[Collected material — start]

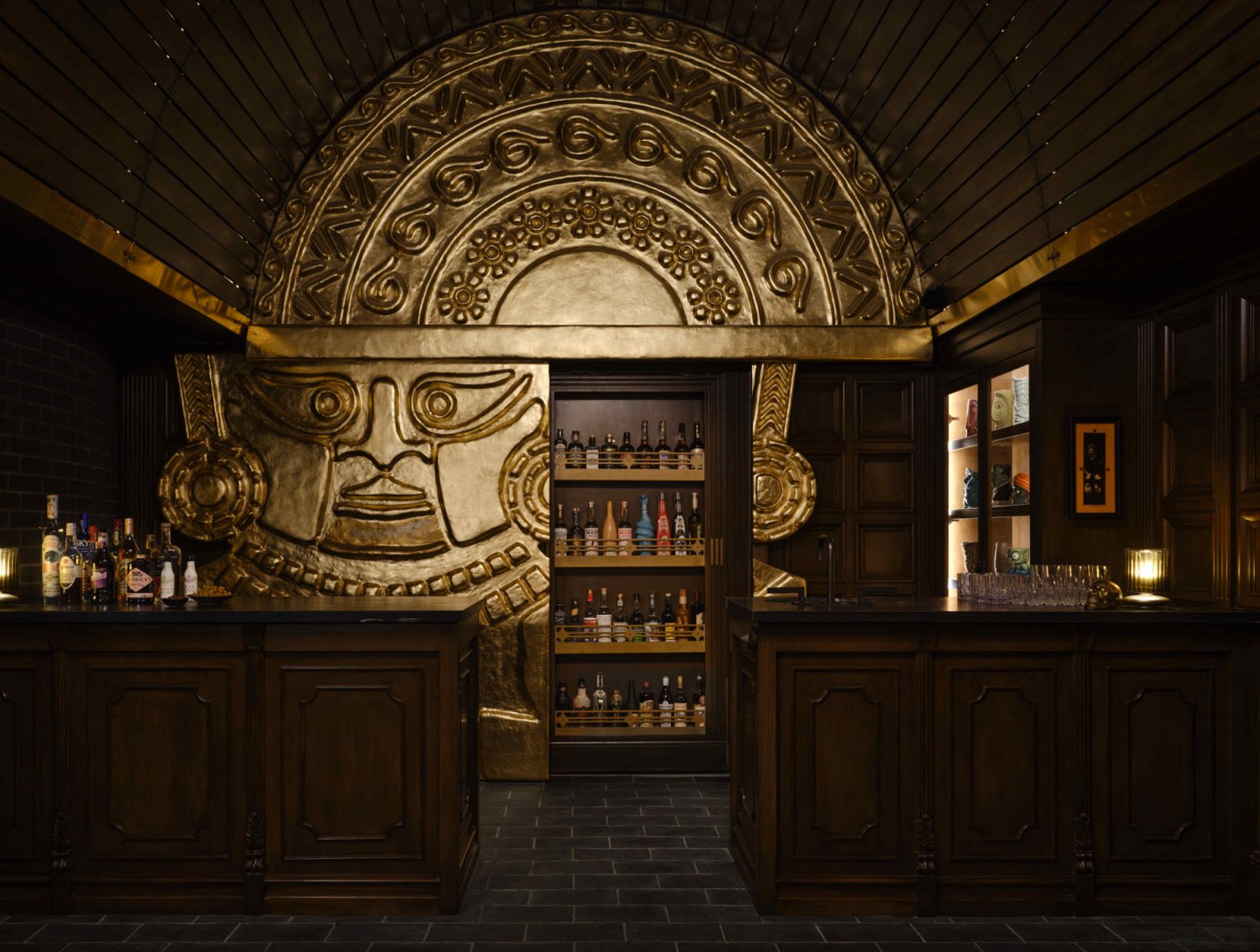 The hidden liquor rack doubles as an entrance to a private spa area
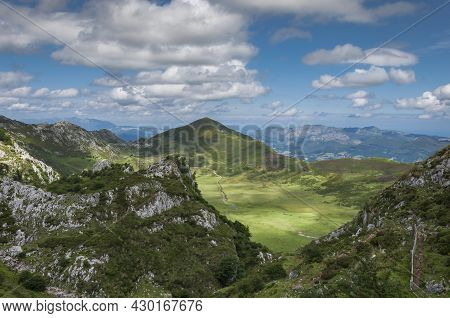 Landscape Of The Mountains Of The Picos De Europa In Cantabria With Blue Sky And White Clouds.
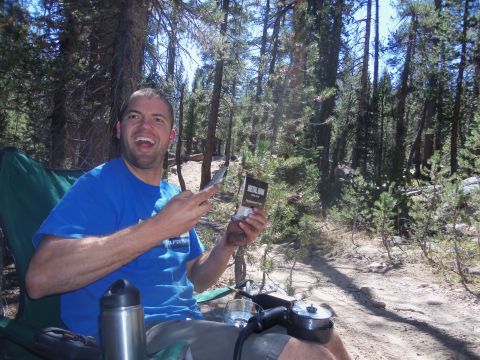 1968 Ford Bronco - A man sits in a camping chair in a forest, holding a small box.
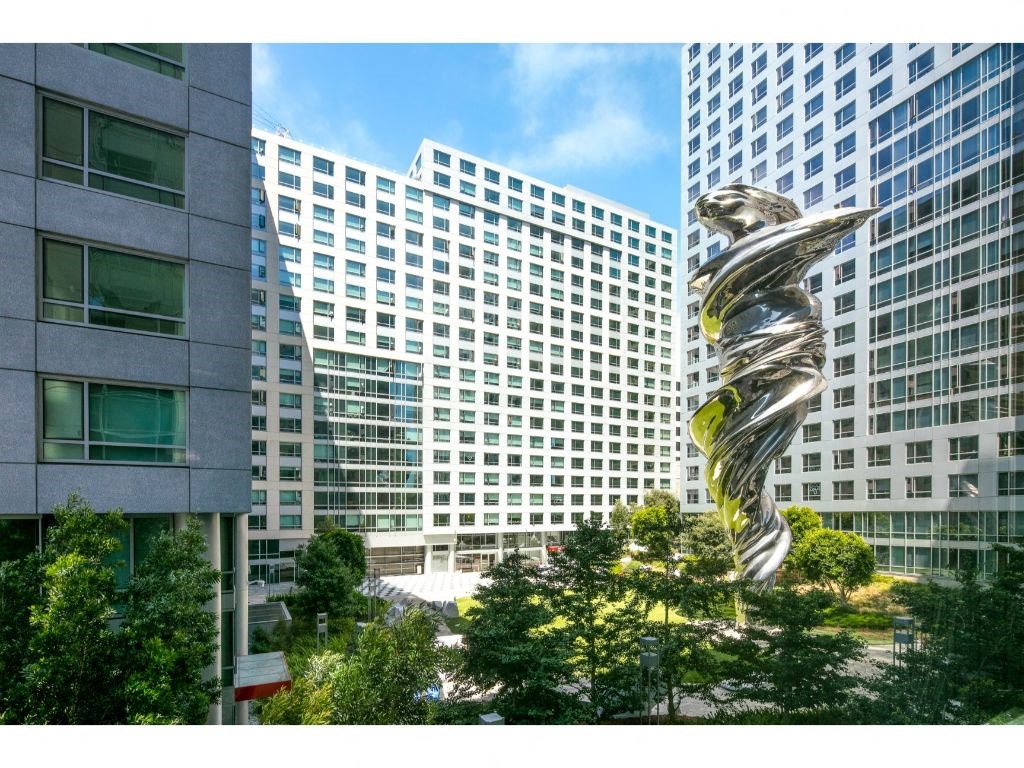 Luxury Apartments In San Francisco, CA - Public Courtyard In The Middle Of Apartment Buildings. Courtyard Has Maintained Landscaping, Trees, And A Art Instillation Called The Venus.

[Collected material — finish]

_Task details:_ Print the listing verbatim; no pictures.

_Written solution:_
 The hidden liquor rack doubles as an entrance to a private spa area
 Landscape Of The Mountains Of The Picos De Europa In Cantabria With Blue Sky And White Clouds.
 1968 Ford Bronco - A man sits in a camping chair in a forest, holding a small box.
 Luxury Apartments In San Francisco, CA - Public Courtyard In The Middle Of Apartment Buildings. Courtyard Has Maintained Landscaping, Trees, And A Art Instillation Called The Venus.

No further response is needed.